Longing to Return: Summer 2021

Longing to Return: Summer 2021

I still know the address. 232 Alexander Blvd in Elmhurst, Illinois. It’s the address of the first house I lived in—from the time I was born until I was in second grade, when we moved to a neighboring suburb.

I remember the house fondly, but even if I ever wanted to return to visit it, I wouldn’t be able to. The house was on the campus of the college where my dad taught, and some years after we moved, it was torn down to make room for new campus buildings.

It’s strange: I can still look the address up on Google maps, and the little red location mark points to exactly where the house should be. But there isn’t anything there. All that’s left is a memory of it.

In some ways, you could say something very similar about our first—and true—home as Christians. That home, of course, was the Garden of Eden, and ever since we were kicked out of it, we’ve never been able to find our way back. It isn’t there anymore. Despite that, we all have—somewhere deep in the fiber of our being—a distant memory of it. And not just a memory of it, but a desire to go back to it.

This is a theme throughout scripture—this sense of displacement, this sense of homesickness, this longing to return. And yet, we also recognize and understand that—like that first home of mine, which no longer exists, or the Garden of Eden, from which we’ve been banished forever—there are some places to which we can no longer return.

This should not surprise us as Christians. After all, we trust and believe and hope that our true home is not behind us—somewhere we can no longer visit—but instead is still ahead of us.

Novelist Madeleine L’Engle writes beautifully about this: “Where is the home for which we are so homesick” she asks? “It is something that is still to come; it is that toward which all Creation is groaning in travail. It is the kingdom of God that will be ready when Christ comes again. We are homesick not so much for something that was, and was lost, as for something that will be, and is to be found.”

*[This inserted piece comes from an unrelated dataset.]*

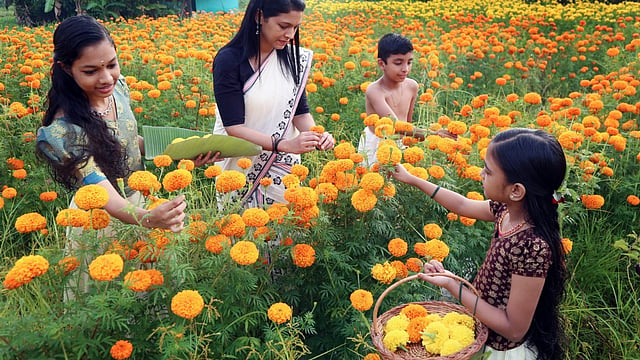 പൂ വിളി പൂ വിളി പൊന്നോണമായി....; ഓണത്തിന്റെ വരവറിയിച്ച് അത്തം പിറന്നു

We are, it is true, currently experiencing a time of return. But it isn’t a return to “normal”—whatever that even means any more. And it isn’t a return to our idealized view of the past. Instead, it is a return to a world that has changed following the events of this past year.

Some places in that world—like the house I grew up in—may not be there anymore. But maybe that’s ok. After all, as L’Engle reminds us, the home we’re longing for was never in the past anyway. With you, I’m looking forward to following where God leads us as we return to our new home, in the future.